The economic future of the United States faces significant challenges. As of September 2025, the country’s total debt has exceeded $37.43 trillion, presenting a serious financial situation. A considerable portion of government revenue, approximately 25 cents of every tax dollar, is allocated to covering interest payments on this substantial debt.
America’s Growing Debt Burden
Recent reports from the U.S. Treasury and the Joint Economic Committee reveal that the national debt has climbed to a staggering $37.43 trillion. This represents an increase of $2.09 trillion within a single year.

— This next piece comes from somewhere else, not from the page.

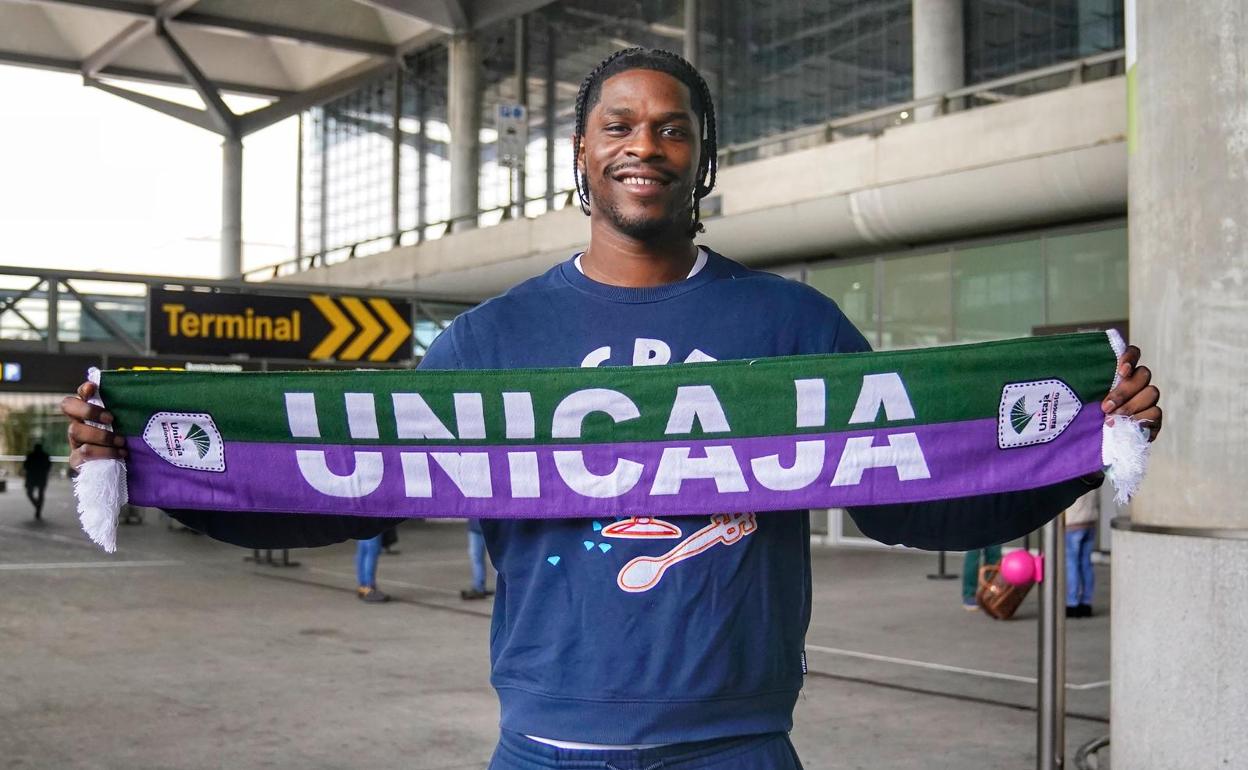 Devin Williams, sonriente en el aeropuerto de Málaga.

CNBC reports that the interest payments for the fiscal year 2025 have already surpassed $478 billion year-to-date, showing a 17% rise compared to the same period last year.
This expenditure is projected to consume about 23 cents of each dollar collected by the IRS. This significant percentage has increased considerably as global interest rates return to normal levels after years of quantitative easing policies.
Tariffs: A Drop in the Bucket?
The U.S. government has collected record-breaking tariff revenues in recent years, especially after the implementation of new import duties under the previous administration.
These tariffs are projected to boost government revenue and potentially reduce the national deficit by as much as $4 trillion over the next decade.
However, even with these gains, the growing national debt remains a monumental problem, as increasing interest costs are outpacing the revenue generated by tariffs. The IMF has indicated that “the scale of the increase in tariff revenue is highly uncertain.” Eliant Capital noted:
“Despite tariff revenues, the deficit for July reached $291B, with the U.S. spending $630B and collecting $338B, indicating that 46¢ was borrowed for every $1 spent.”

An Unstoppable Trend?
Macroeconomic analyst Lyn Alden uses the phrase “nothing stops this train,” originally from pop culture, to describe the U.S. debt situation.
Alden suggests that consistent deficits and continuous spending are creating an era of fiscal dominance, making meaningful fiscal reform politically unachievable. She believes the ongoing accumulation of debt is fundamentally built into the system, and only a major shift, such as a return to hard money, can reverse the trend. Alden commented in a Slate Sundays interview:
“Structurally, U.S. debt is increasing faster than its target, and there seems to be almost no way to stop it.”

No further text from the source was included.